T.R | Title | User | Personal Name | Date | Lines |
---|
257.1 | need some more information | LEDDEV::DHATI | | Thu Mar 20 1997 16:56 | 9 |
| The command to change the settings is
>>> t tc0 setid f f
What OS are you booting up to? VMS will see all
the disks automatically but in unix you need to add
them
- sridhar.
|
257.2 | | NABETH::alan | Dr. File System's Home for Wayward Inodes. | Thu Mar 20 1997 20:36 | 14 |
| The need to update the configuration file on Digital UNIX
to include new disks depends on the version and what features
you expect the operating system to offer. If the CAM driver
has a clue that the controller exists, it will find all the
disks and has for years.
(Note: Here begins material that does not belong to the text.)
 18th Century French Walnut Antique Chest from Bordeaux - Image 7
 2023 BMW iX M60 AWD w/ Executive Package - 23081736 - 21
On some versions, I've noticed that
the system disk is special and needs a clue from the configuration
file, but I think this was changed around V3.2. The ability
of iostat to get performance statistics for disks depended
on entries in the configuration file on some versions, but
in V4.0 you don't need to offer it a clue with non-zero LUNs
of an HSZ.
For modern versions all you need are entries for the controllers;
the devices will take care of themselves.
|
257.3 | it's VMS | NETRIX::"[email protected]" | jan Thomsen | Fri Mar 21 1997 02:46 | 15 |
| Hello!
As I wrote in my opening topic, this system is running VMS and to my
experience
VMS can not see any disks on the PMACZ-AA if one can not see the disks from
the
console command ">>> t tc0 cnfg". On the system where I had a problem VMS was
stuck in mounting disks sitting on the turbo-channel scsi's.
And then if the hardware cannot see any devices how is the OS able to see
it???
But thanks for the replies so forth.
Regards
Jan Thomsen
[Posted by WWW Notes gateway]
|
257.4 | without disks? | CERN::HOBBS | Congrats to the Ignoble Peace Prize winner! (http://www.eecs.harvard.edu/ig_nobel) | Fri Mar 28 1997 04:44 | 9 |
| I've used pizza boxes with PMAZC...
What happens without disks in the box? 1 disk, 2 disks, 3 disks?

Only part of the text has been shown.